- [Given records]
BEGIN

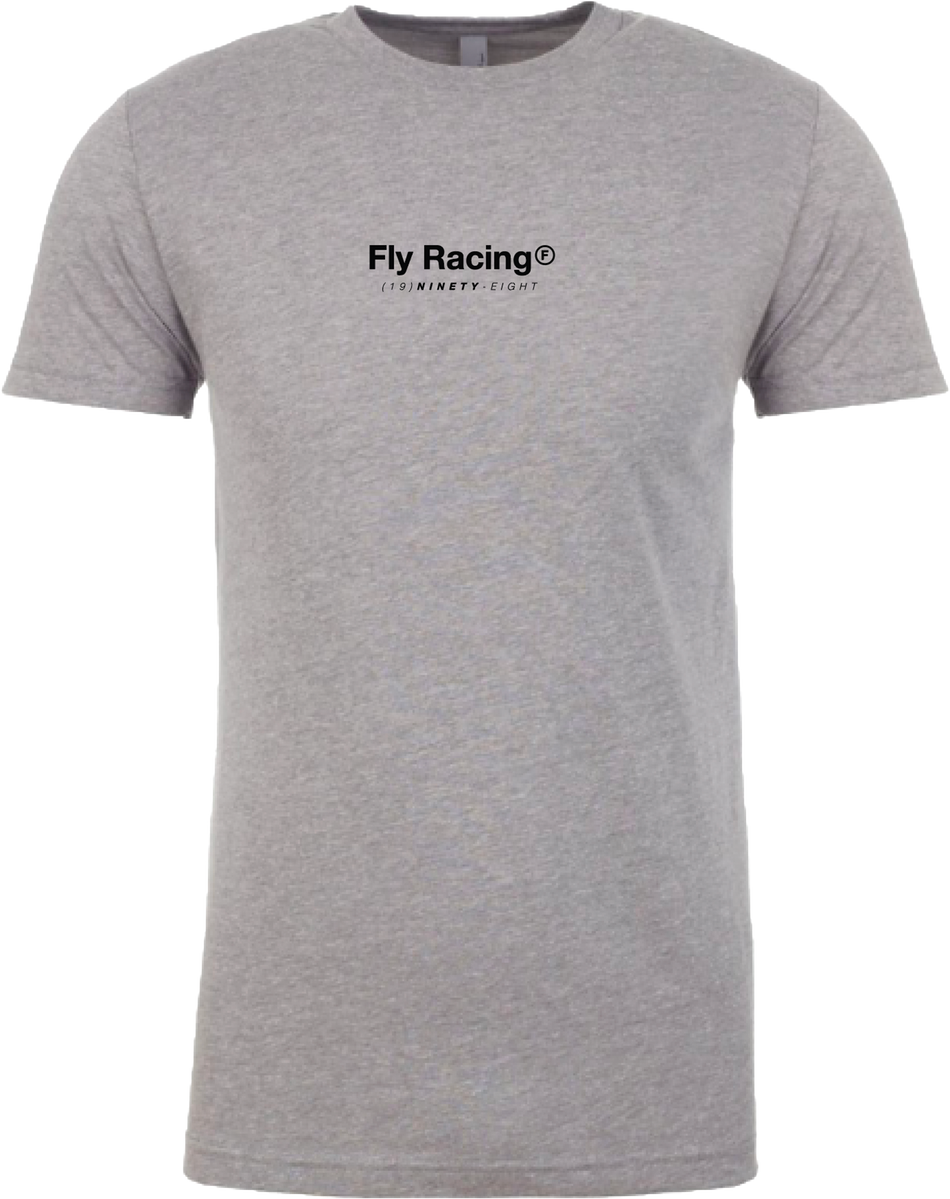 FLY RACING Youth Fly Lost Tee Dark Grey Heather Ym 354-0323YM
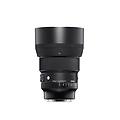 - ob. 85/1. 4 (a) dg dn sony e mount-nero/silver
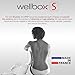 LPG - WELLBOX®[S] - Face & Body Sculpting Device - Age-defying, Toning & Cellulite Reduction Action - 100% Non-invasive Cellular Stimulation Method - SPS+ Technology - Made in France - White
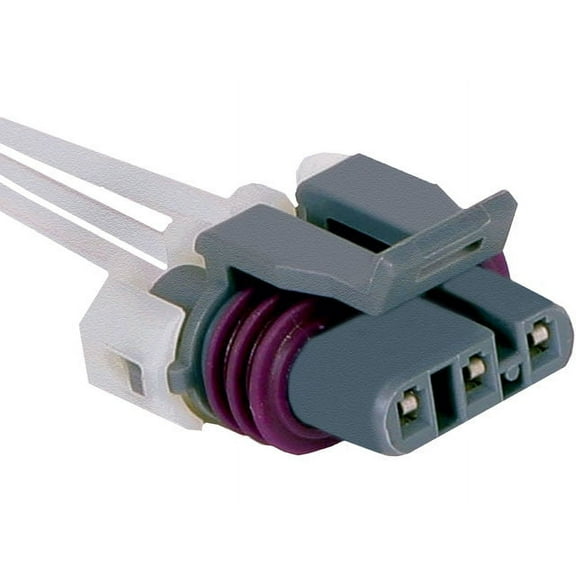 Ambient Air Temperature Sensor Connector - Compatible with 2005 GMC Sierra 1500 Hybrid Extended Cab Pickup 4-Door 5.3L V8 LM7 VIN T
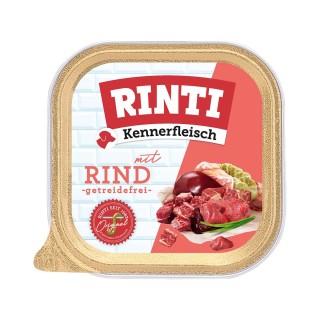 Rinti Kennerfleisch mit Rind 9x300g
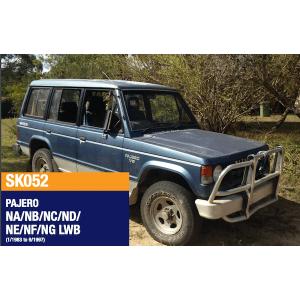 Kit suspension Mitsubishi Pajero 1 Long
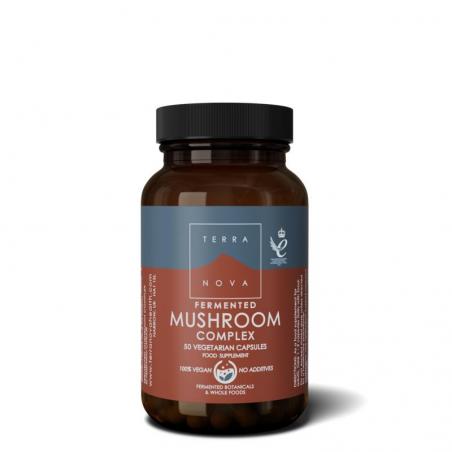 Fermented mushroom complex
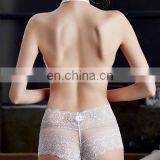New Design Ladies Halter Lace Bralette, High Neck Bra thumbnail-2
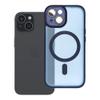Etui na iPhone 15 Variete Mag Cover zgodne z MagSafe granatowe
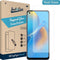 Oppo A74 4G screenprotector - Gehard glas - Transparant - Just in Case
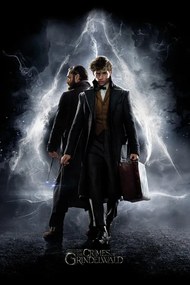 Kunstafdruk Fabeldieren en waar ze te vinden  - The Crimes of Grindelwald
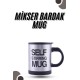 Karıştırıcı Özellikli Mikser Kupa Bardak Kompakt Taşınabilir Mug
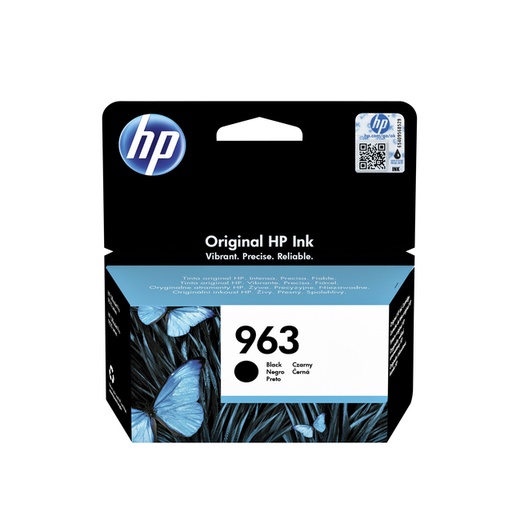 [405086] Inktcartridge HP 3JA26AE 963 zwart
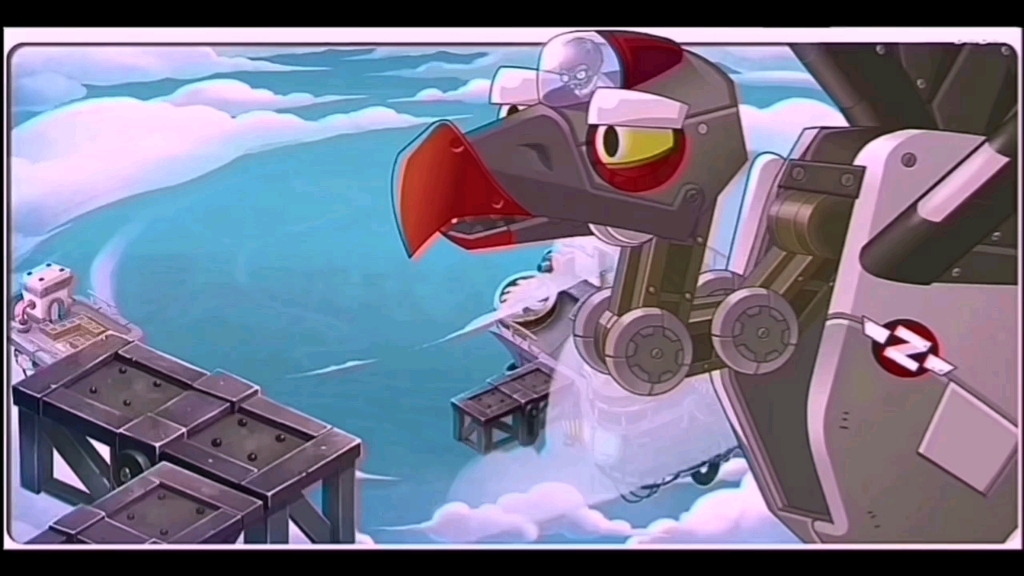 植物大战僵尸2天空之城音乐《琨皇纯享版》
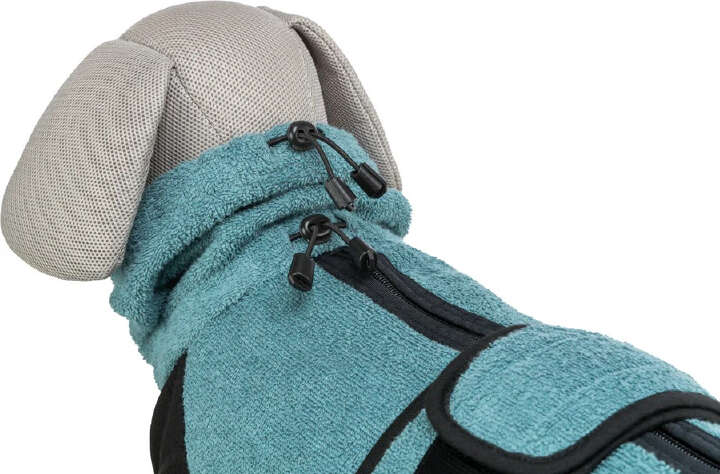 TRIXIE Hunde Bademantel und Hausoverall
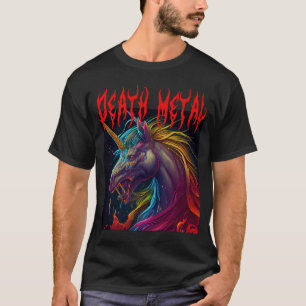 Camiseta Festival metalizado de Unicornio Metalizado por la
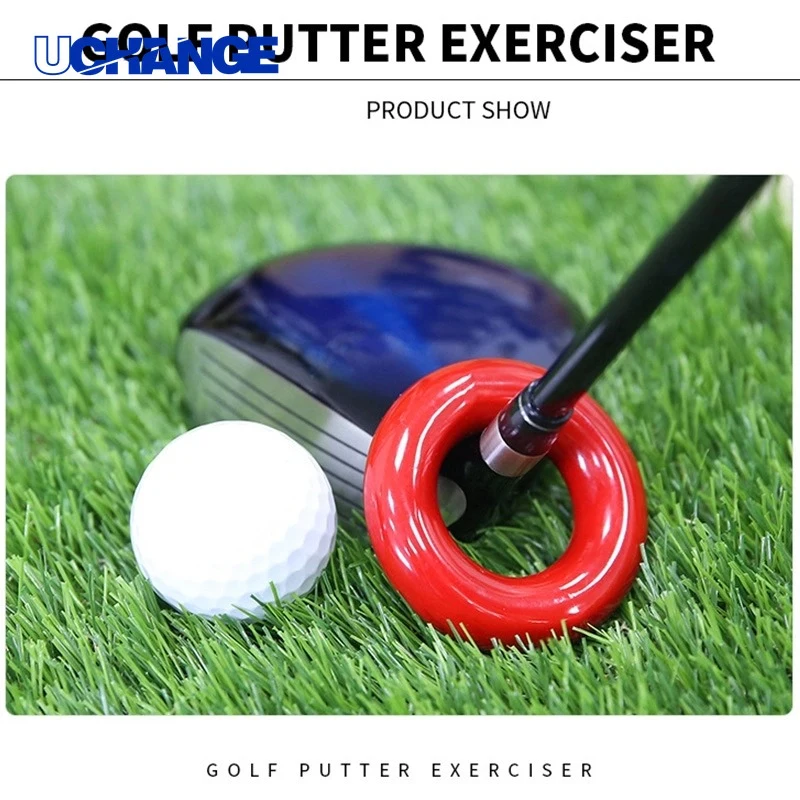 Golf Swing Weight Ring Training & Practice Aid 1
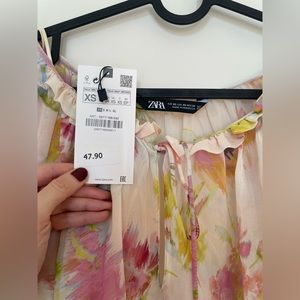 Zara Blouse, size XS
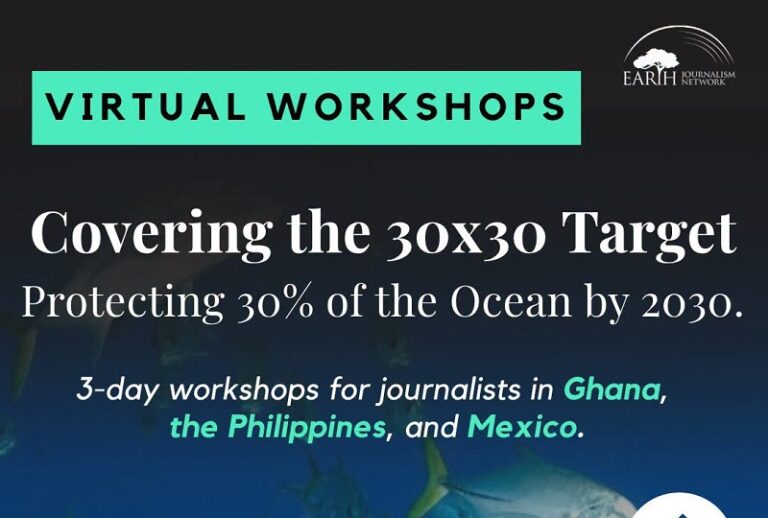 Ateliers virtuels médias EJN Objectif 30×30 et AMP 2027 – 22 octobre 2026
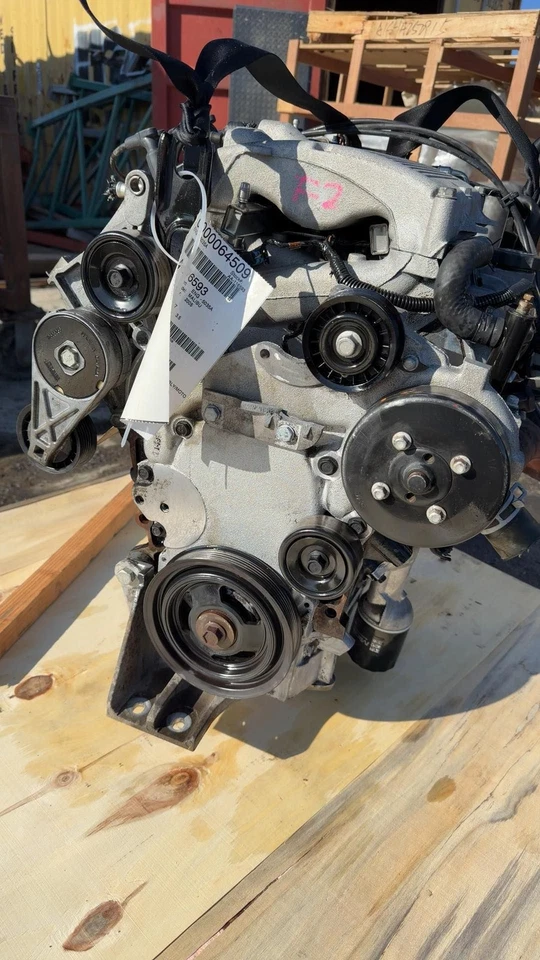 04 05 CHEVY MALIBU Engine Assembly/motor Chevrolet Foto 2 de 4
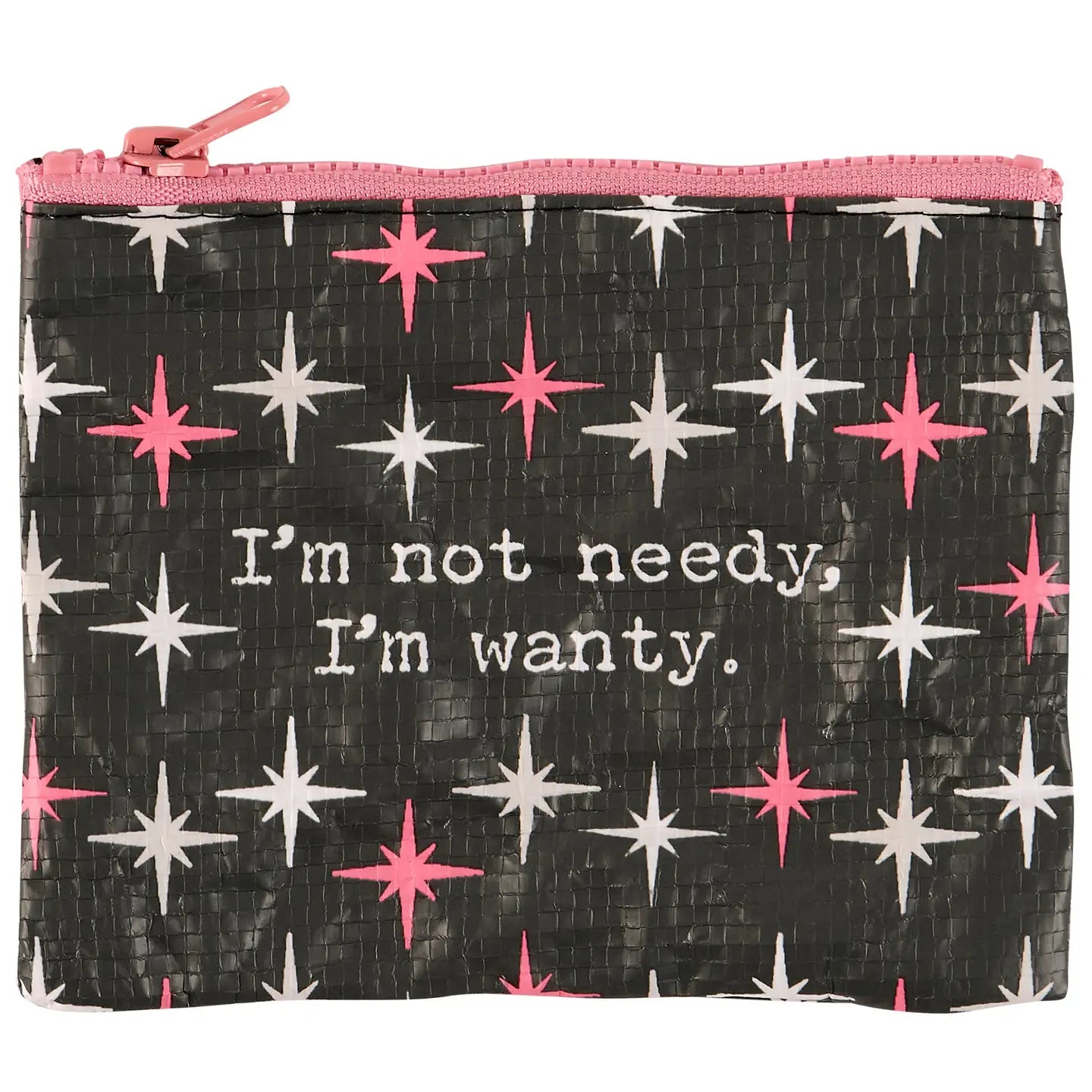 I'm Wanty Zipper Wallet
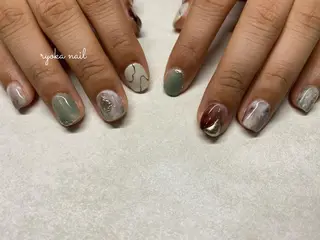 ネイル Twinklenail所属・ryoka nailのネイルデザイン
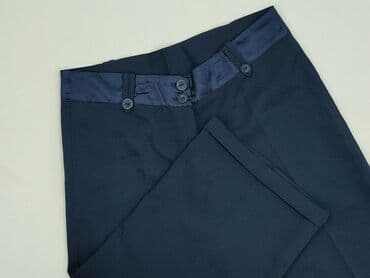 Material trousers for women, size 2XL (EU 44)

END

- [Aim of the task] From the records above, copy only the lines running from the line containing "Oppo A74 4G" to the line containing "[405086] Inktcartridge HP 3JA26AE 963 zwart", both ends included. Leave the pictures out.

- [Response to the exercise]
 Oppo A74 4G screenprotector - Gehard glas - Transparant - Just in Case
 Kunstafdruk Fabeldieren en waar ze te vinden  - The Crimes of Grindelwald
 Karıştırıcı Özellikli Mikser Kupa Bardak Kompakt Taşınabilir Mug
 [405086] Inktcartridge HP 3JA26AE 963 zwart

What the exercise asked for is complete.